Alpaviram-a small pause thats what I am going to take in my GMAT journey... the last coupla weeks have been excruciating, was really bogged down by self-doubt and thousands of questions... is this the right time? am I ready? what do i have to show as achievements? what do i tell my recommenders to write about? are all the above questions irrelevant and should i just go ahead and apply?? uff!!
All this began after i spoke to a Ms B from ClearAdmit... she made it pretty clear to me that for someone like me, who isnt sure abt my long-term goals and has nothing to show, applying would be.... (she left it hanging, so one can only guess what she meant!) She even went so far as to suggest that probably i had no idea abt the seriousness of the whole process and should take care!!
Just when I was beginning to see the truth in her observations, I heard about a friend's friend - Ms.
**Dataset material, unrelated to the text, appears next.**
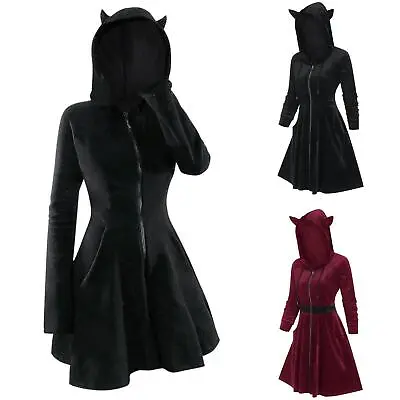 Womens Velvet Gothic Hooded Mini Dress Zip Up Cat Costume Steampunk Party Dress • $39.99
A - who had gotten into Krannert with 2-yrs exp and a GMAT score of 650!!! Now how on earth did that happen??!! That made me rethink... am i just too scared of applying? do i fear failing (again!) so much?? well, to be absolutely honest, yes, I do.... I dont think I can take anymore of that!
And to add to this, came the news of my impending visa interview... scheduled for the 29th of August... was getting ready for the interview, collecting documents etc when my manager, a Mr. C, let it out that if all goes well I would have to travel to San Diego in the second week of October itself!!!!
Oh! my brain would almost burst due to overload.... I havent done so much thinking and pondering in a lifetime!! But the decision is now made.... I will apply only next year after I have been able to garner some valuable international experience... The primary points in favor are:
1. additional experience, international, would be advantageous
2. if i make the right moves, i would be able to add up a lot to my right-now-pretty-common resume
3. the income in dollars would come in handy
4. would be give me time to research and select the schools and programs more thoroughly and the applications next year would be more planned
5. could probably gather some better recommendations!
6. a prior exposure to US culture and place would stand in good stead when i do join school
There are many 'probably's and 'maybe's but since I am aware of my final aim everything that I will do will be directed towards that goal...
The only point against is:
1. the further delay.... with marriage looming large, every year spent before an MBA seems like a crime to Ma!!
But I have come to a decision and I can only hope that all works out well... I just have to maintain focus and I am sure that this decision will not prove to be wrong!